As I’m writing this Culture Fix on 13 October, I think it’s only fair to include Ireland Music Week which took place last week: conference by day and showcase by night. Attending the panels and tuning in for evening programme made me a) amazed and inspired by resilience and creativity of music industry during these tough times b) really miss going to gigs! There is a great review on The Last Mix Tape, and IMW team compiled a Spotify playlist of 50 performing artists from Ireland and Northern Ireland and it’s been on repeat non-stop for me – check it out!
Aoife Ward - Office and Project Administration
It would be amiss of me to start off my culture fix for this month with anything other than Halloween. This Halloween is going to be spent a little different than most, although I’ve still not missed the opportunity to indulge myself in one of my favourite aspects of the holiday – horror movies. I wasn’t always a fan of the genre. When I was fourteen I watched ‘Orphan’ for the first time and decided that was enough horror to last a lifetime although I re-discovered my love/hate relationship for it as an adult and haven’t really looked back since.

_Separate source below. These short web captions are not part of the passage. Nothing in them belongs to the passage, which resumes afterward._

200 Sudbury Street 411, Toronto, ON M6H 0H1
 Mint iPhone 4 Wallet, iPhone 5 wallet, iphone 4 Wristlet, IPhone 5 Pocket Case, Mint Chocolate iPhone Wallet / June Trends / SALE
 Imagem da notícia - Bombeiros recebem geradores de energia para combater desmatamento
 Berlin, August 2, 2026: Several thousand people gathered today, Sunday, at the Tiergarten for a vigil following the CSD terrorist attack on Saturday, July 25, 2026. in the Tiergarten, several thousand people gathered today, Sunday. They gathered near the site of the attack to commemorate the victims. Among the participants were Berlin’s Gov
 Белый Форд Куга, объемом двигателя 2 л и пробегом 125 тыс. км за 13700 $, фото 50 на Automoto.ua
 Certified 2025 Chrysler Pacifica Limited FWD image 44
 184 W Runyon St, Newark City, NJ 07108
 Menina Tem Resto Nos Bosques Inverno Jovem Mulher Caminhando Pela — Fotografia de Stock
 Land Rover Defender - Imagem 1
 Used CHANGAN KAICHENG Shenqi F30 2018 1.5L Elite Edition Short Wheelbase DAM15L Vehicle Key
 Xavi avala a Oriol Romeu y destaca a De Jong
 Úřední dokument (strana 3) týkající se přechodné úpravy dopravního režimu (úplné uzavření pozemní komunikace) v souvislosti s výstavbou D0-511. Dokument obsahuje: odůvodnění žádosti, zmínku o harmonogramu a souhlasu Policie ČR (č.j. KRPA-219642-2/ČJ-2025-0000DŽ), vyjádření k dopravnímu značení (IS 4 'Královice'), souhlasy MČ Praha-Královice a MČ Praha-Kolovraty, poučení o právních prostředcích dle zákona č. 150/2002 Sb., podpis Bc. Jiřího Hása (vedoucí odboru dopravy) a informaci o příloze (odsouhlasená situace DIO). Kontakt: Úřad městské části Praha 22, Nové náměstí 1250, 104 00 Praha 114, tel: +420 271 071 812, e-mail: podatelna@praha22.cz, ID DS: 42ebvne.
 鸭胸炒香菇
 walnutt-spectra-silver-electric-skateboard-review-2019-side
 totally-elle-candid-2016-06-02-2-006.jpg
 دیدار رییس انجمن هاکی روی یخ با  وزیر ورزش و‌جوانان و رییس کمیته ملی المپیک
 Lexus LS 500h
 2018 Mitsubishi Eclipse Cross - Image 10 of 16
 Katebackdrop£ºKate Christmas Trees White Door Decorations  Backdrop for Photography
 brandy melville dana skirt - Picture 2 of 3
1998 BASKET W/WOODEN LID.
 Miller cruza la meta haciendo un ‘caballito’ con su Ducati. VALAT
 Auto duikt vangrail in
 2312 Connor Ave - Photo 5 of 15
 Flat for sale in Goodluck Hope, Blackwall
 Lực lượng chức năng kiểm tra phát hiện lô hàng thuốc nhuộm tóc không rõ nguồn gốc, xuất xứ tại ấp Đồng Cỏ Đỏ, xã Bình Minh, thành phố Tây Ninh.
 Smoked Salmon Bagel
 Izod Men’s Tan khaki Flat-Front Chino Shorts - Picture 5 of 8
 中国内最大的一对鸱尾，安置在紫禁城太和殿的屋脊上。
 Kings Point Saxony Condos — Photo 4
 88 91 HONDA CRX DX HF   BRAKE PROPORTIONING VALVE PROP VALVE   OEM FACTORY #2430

Something I’ve recently been watching more of is Horror Noire after watching the documentary ‘Horror Noire: A History of Black Horror’. The documentary examines the history of black people in horror films and how their relationship with horror has developed over the decades – from being cast as the subject of people’s fear to being able to tell their own stories and showcase their own lived experiences through the genre. The most popular recent example is the 2017 film ‘Get Out’ by Jordan Peele. The film I’m most looking forward to seeing in the coming weeks however is ‘His House’ which is being released on Netflix this month and follows the lives of a family of asylum seekers living in the UK.
On a lighter note I also binge watched Schitts Creek this past month which, if you’re looking for a break from the constant bombardment of horror and haven’t already gotten around to watching it, is the perfect show to watch if you’re looking for good vibes.